The Count-Min Sketch is a data structure that is used to summarize data streams. It stores information about how often an item occurs in the data without storing all the data from the data stream and helps with answering questions like ”What items have appeared more than k times in this data stream?”
You can think of Count-Min Sketch as a two-dimensional array. We define width of this array and its height. Width is usually in thousands, while height is small and represents a number of hash functions, for example 5.
How it works:
Count-min Sketch uses a 2-dimensional array.
When a new element comes we calculate multiple hash functions.
Then increment by 1 on all such positions returned by hash functions.
While retrieving data we take the minimum of all values at positions by hash functions. As this data structure is probabilistic, the values returned are approximate. Accuracy and probability can be adjusted by fixing the height and width 2-D array. The greater the height and width the lesser the collision and the higher the accuracy.

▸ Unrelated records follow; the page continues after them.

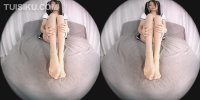 [Ligui丽柜] 2022.12.14 VR视频《情窦丝欲》小智贤 [1V-373M]_1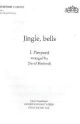 Jingle Bells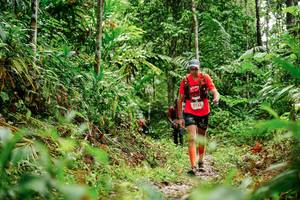 BIB: 
                            <button type="button" onclick="openModal(26364922)" class="btn btn-primary btn-sm float-right btn-popup" data-toggle="modal" data-target=".modal-high-quality">
                        <i class="fas fa-shopping-cart"></i> Add to Cart
                    </button>
                                            <button type="button" onclick="isThisMe(26364922, true)" class="btn btn-success btn-sm float-right btn-popup btn-isme hidden" data-toggle="tooltip" data-placement="bottom" title="นี่คือรูปของคุณใช่ไหม คลิกที่นี่เพื่อเอาเข้าอัลบั้ม">
                        <i class="fas fa-plus"></i> Add to album
                    </button>
                    <button type="button" onclick="isThisMe(26364922, false)" class="btn btn-warning btn-sm float-right btn-popup btn-isnotme hidden">
                        <i class="fas fa-ban"></i> Remove from album
                    </button>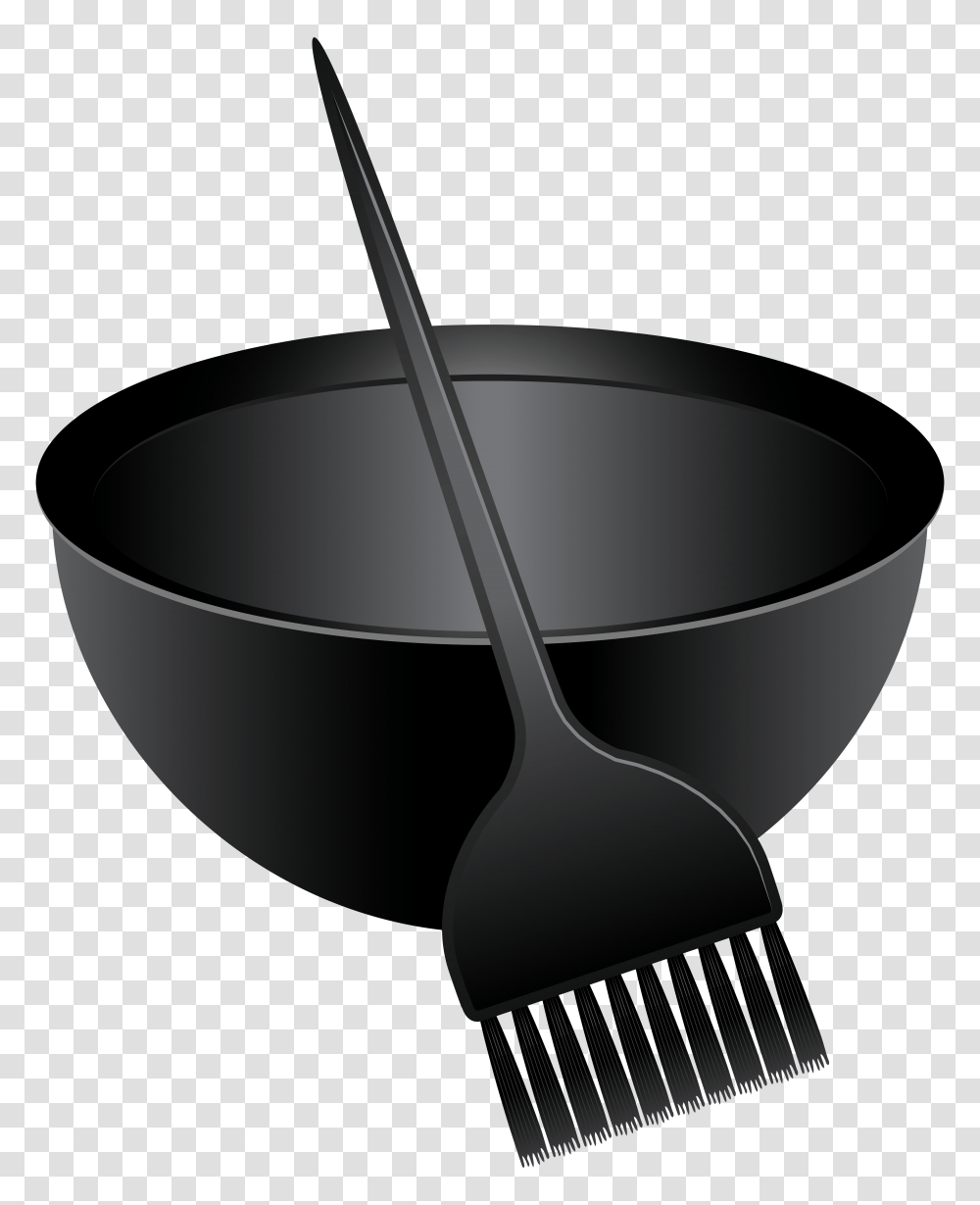 Oakland Raiders Team Player Circle, Lamp, Pot, Dutch Oven Transparent Png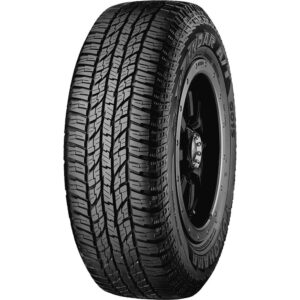 175/80R15 YOKOHAMA GEOLANDAR A/T-S G015 90S RPB DOT19 ECB70 3PMSF M+S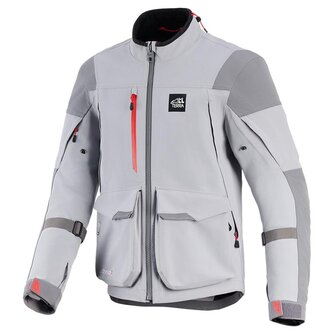 Alpinestars Maxdura Drystar XF Jacket
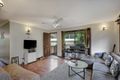 Property photo of 3 Rainbow Crescent Dunwich QLD 4183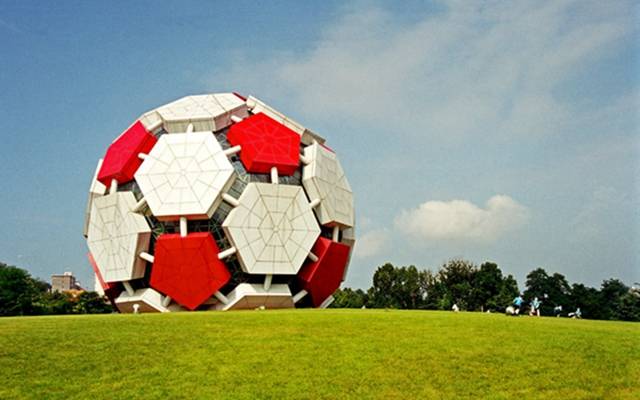 广州赛区或将转场大连?足球报:大连赛区是否愿意,还是未知数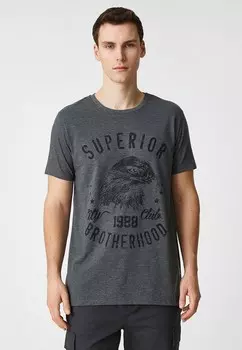 Футболка Koton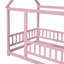 Lit pour enfant McEl Manhattan par Harper Orchard-100562363-86924109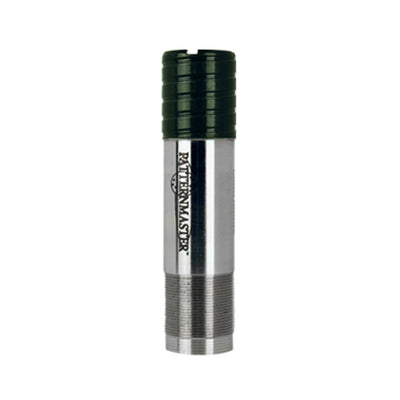 Pattern Master Anaconda Series Choke Tubes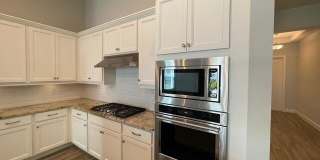 12420 Nautilus Circle Gallery 11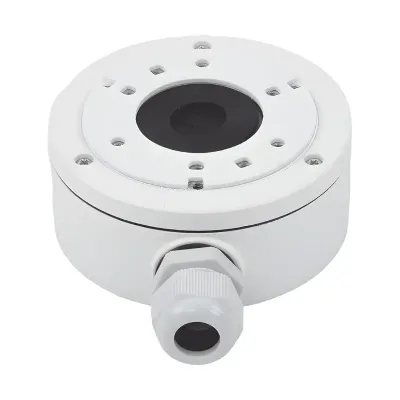 Hikvision DS-1280ZJ-XS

Issue with Count-min sketch and its solution:
What if one or more elements got the same hash values and then they all incremented. So, in that case, the value would have been increased because of the hash collision.
Thus sometimes (in very rare cases) Count-min sketch overcounts the frequencies because of the hash functions. So the more hash function we take there will be less collision. The fewer hash functions we take there will be the high probability of collision. Hence it is always recommended to take more hash functions. The Collison is shown in the above diagram.
Properties of Count-Min Sketch
What’s great about the Count-Min Sketch’s unusual structure is that we do not need to allocate new memory when we add a new event to the set. We increment some counters, but our space allocated is constant. Even if we add a hundred, a thousand, or a million new events, our program should run in the same amount of time with the same amount of memory. In other words, Count-Min Sketch is O(1) in both time and space.